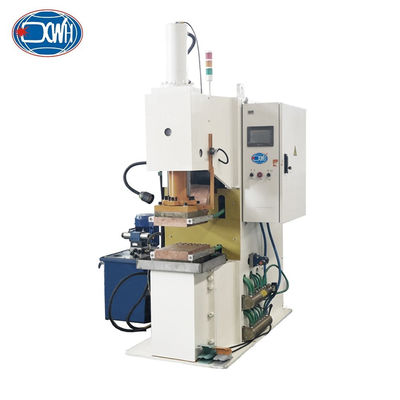 تطبيق الصناعية لحام اليد Cnc المقاومة الحاملات آلة لحام التشتت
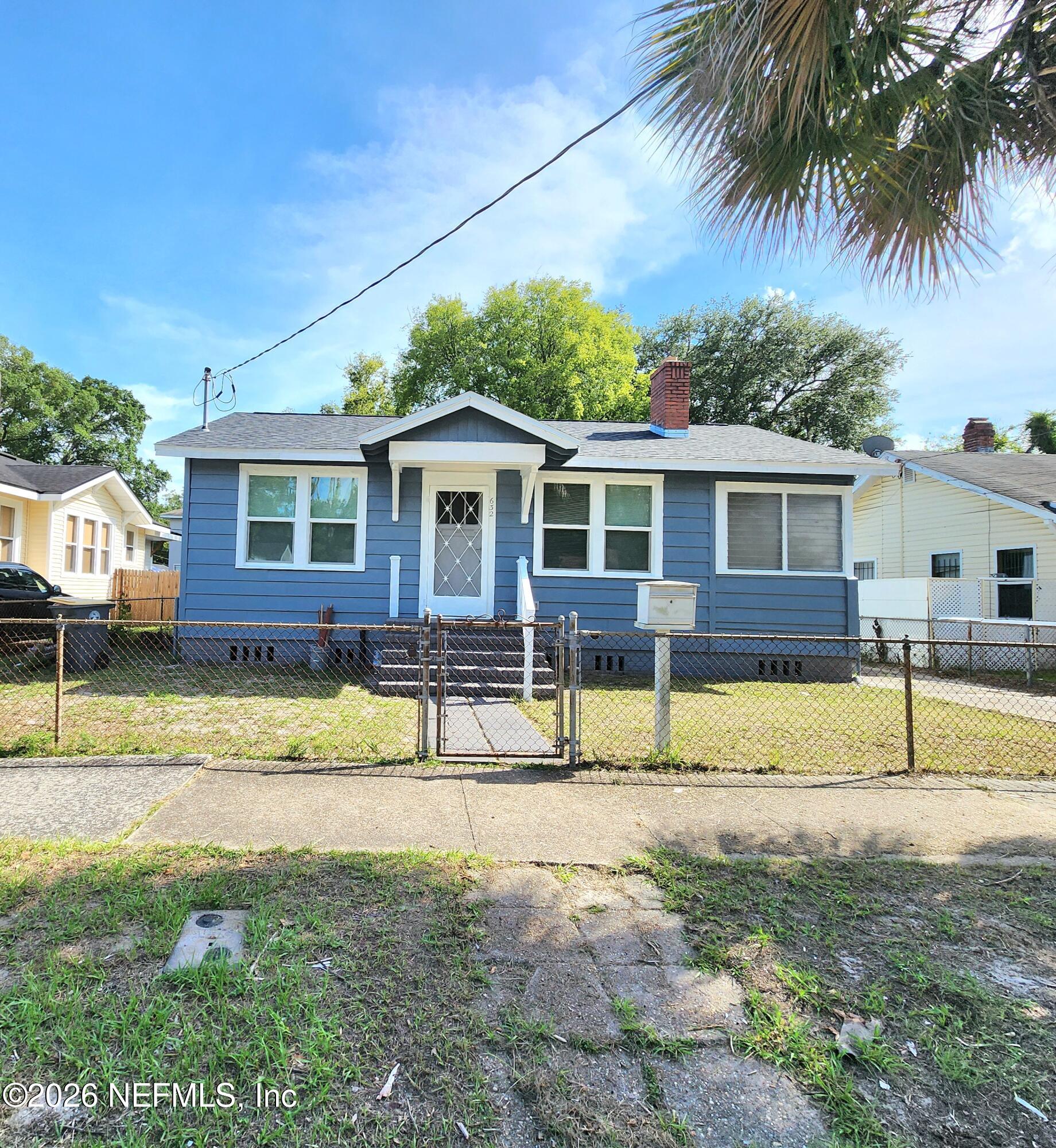 632 Ivy Street — photo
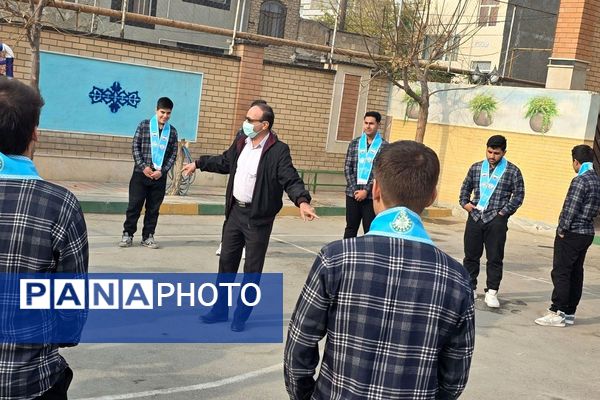 اجرای مانور زلزله با حضور مسئولان در مدرسه استاد مطهری رباط‌کریم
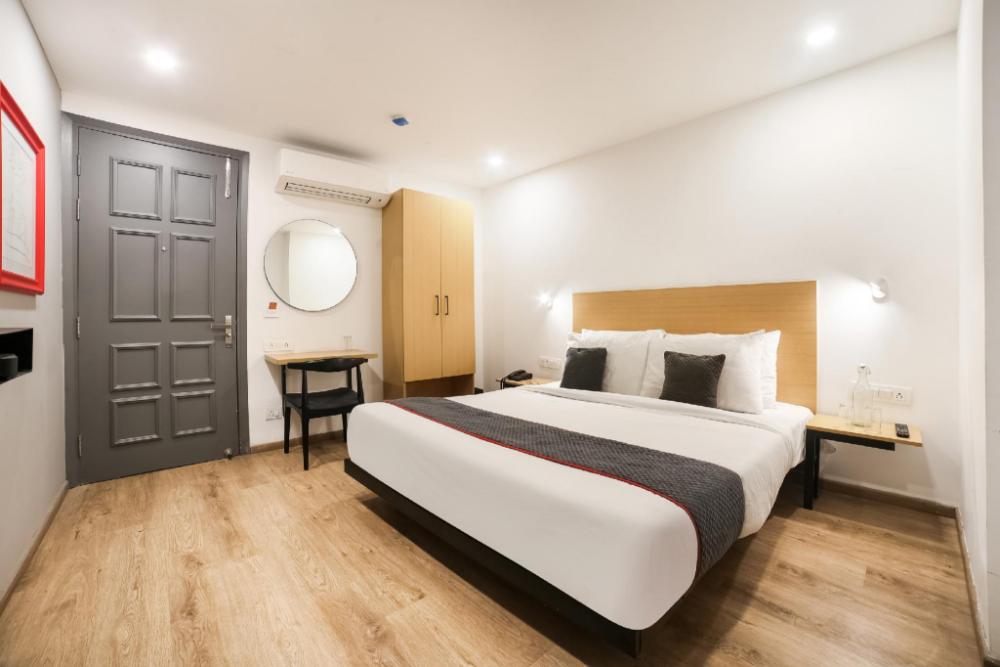 super townhouse dilshad garden near dilshad garden metro station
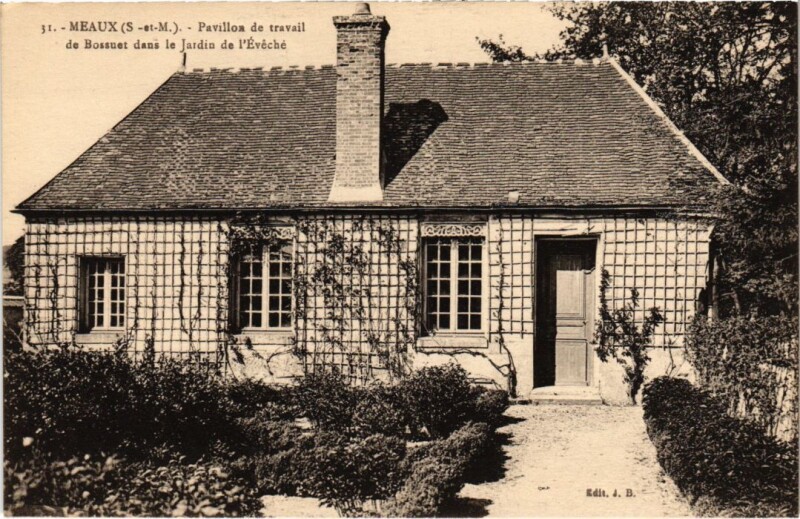 Carte postale ancienne Meaux Pavillon de Travail de Bossuet dans le Jardin de l'Eveche à Meaux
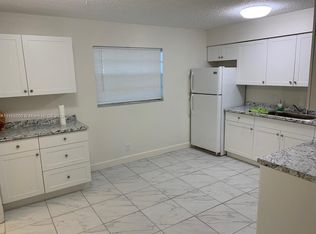 1450 SW 2nd Ave #A-B, Dania, FL 33004
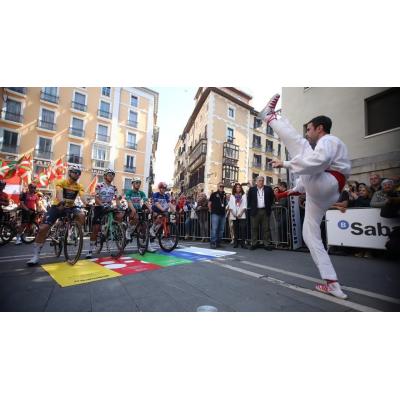 Etapa 2 de la Itzulia, Pamplona - Cuevas de Mendukilo: horarios de paso, perfil y recorrido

================================

*What you should do*
Beginning with the line that holds "632 Ivy Street — photo", output each line to the end of the material above, exactly, omitting the pictures.

*Answer space*
 632 Ivy Street — photo
 اجرای مانور زلزله با حضور مسئولان در مدرسه استاد مطهری رباط‌کریم
 super townhouse dilshad garden near dilshad garden metro station
 Carte postale ancienne Meaux Pavillon de Travail de Bossuet dans le Jardin de l'Eveche à Meaux
 1450 SW 2nd Ave #A-B, Dania, FL 33004
 Etapa 2 de la Itzulia, Pamplona - Cuevas de Mendukilo: horarios de paso, perfil y recorrido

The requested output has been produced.